QCT has been engaging in open-source communities, contributions and collaborations since day one. We actively participate with several open-source organizations including OTII, the Open Compute Project (OCP), OpenStack Foundation, Open Networking Foundation (ONF) CORD, and Open Networking Lab to name a few. And by leveraging open community standards, QCT can minimize duplicating vendor efforts, and focus the majority of R&D investments on the development of innovative product technologies, enabling network virtualization for telco customers.  

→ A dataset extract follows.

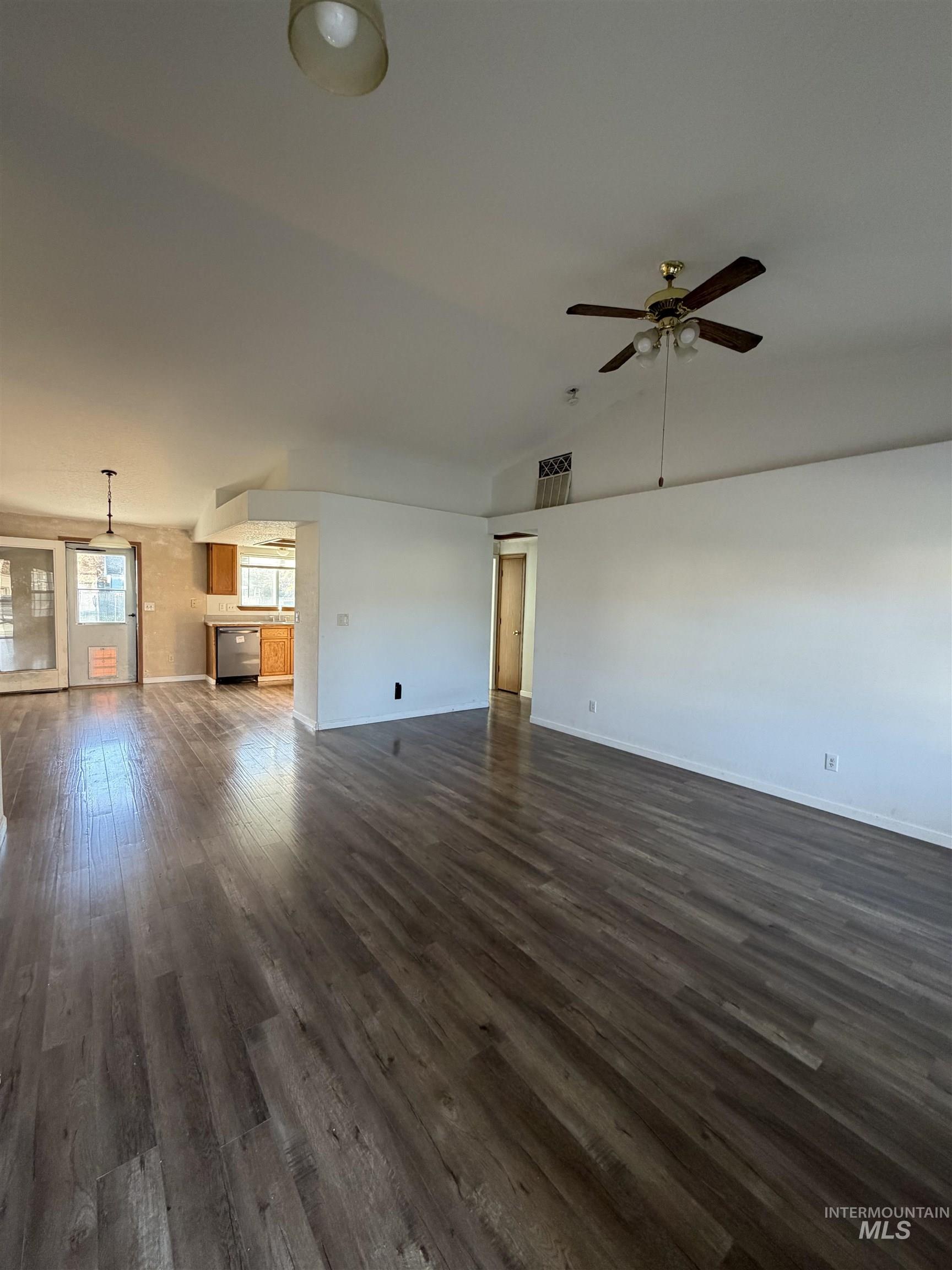 Unfurnished living room with dark wood finished floors and ceiling fan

Fig.1 QCT CORD Ready POD Architecture

Looking towards 5G, next generation central office (NGCO), which includes network function virtualization (NFV) and software defined networking (SDN), will be a key to supporting the ultra speeds and low latencies required for mission critical reliability. For that to occur, a lot of radio access network (RAN) and evolved packet core (EPC) components will be running on commodity hardware networks.  Commodity hardware is less expensive than purpose built telecom infrastructures, and yet they are cost effective so that operators can price their own services more competitively and profitably.

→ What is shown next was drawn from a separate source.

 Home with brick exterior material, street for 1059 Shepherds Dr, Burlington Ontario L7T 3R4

One of the major challenges for operators is architecting more efficient networks for the changing wireless subscriber traffic patterns.  With fiber being implemented in today’s networks, NGCO can support more mobile traffic and serve more subscribers per central office compared to the previous copper-based architecture.  With this much aggregation at a single point, technology enablers are now leading the industry away from proprietary interfaces to serve broader areas with best-in-class network elements.  This gives networks more flexibility, allowing operators to support moving functions to the edge of their network and allowing them to take advantage of improved latency and an overall migration path that brings data center economics and cloud agility to existing CO facilities.

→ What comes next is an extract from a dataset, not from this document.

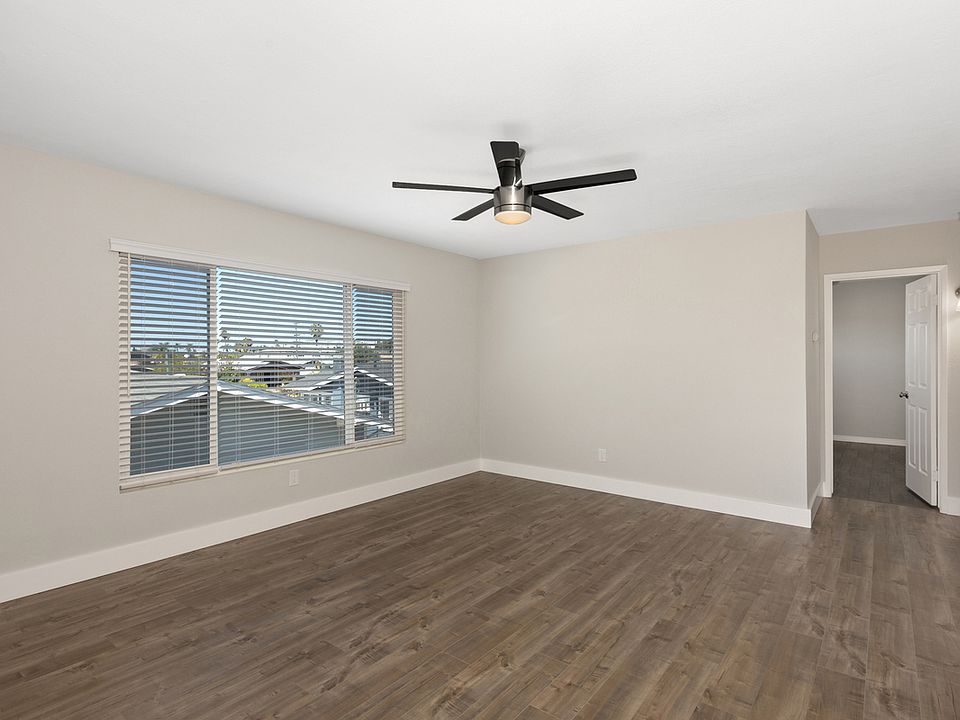 Living Room, facing hallway to bedrooms and bathroom.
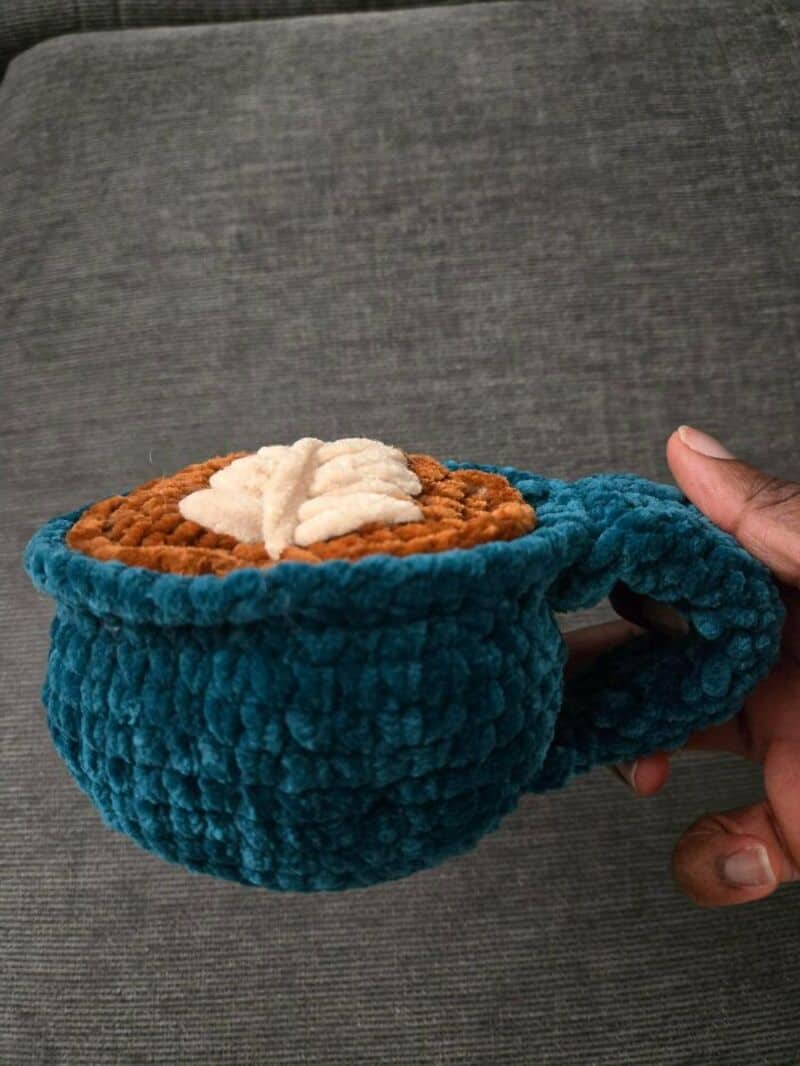 Hand holding a blue crochet mug with a brown and white crochet design inside.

Fig.2 QCT NGCO Architecture

Now, ecosystems of vendors are developing open interfaces with various capabilities, avoiding vendor lock-in, while adhering to standards and verifying they are meeting operator requirements as they gradually migrate to NGCOs.  With such interoperability, operators stand to benefit by being able to transform their networks into more efficient and flexible platforms capable of new services and revenue opportunities. At present there are a handful of industry projects that are focused on offering such solutions, and QCT is proud to be involved with them as an enabler for so many that will produce standards with requirements for implementations and interoperability.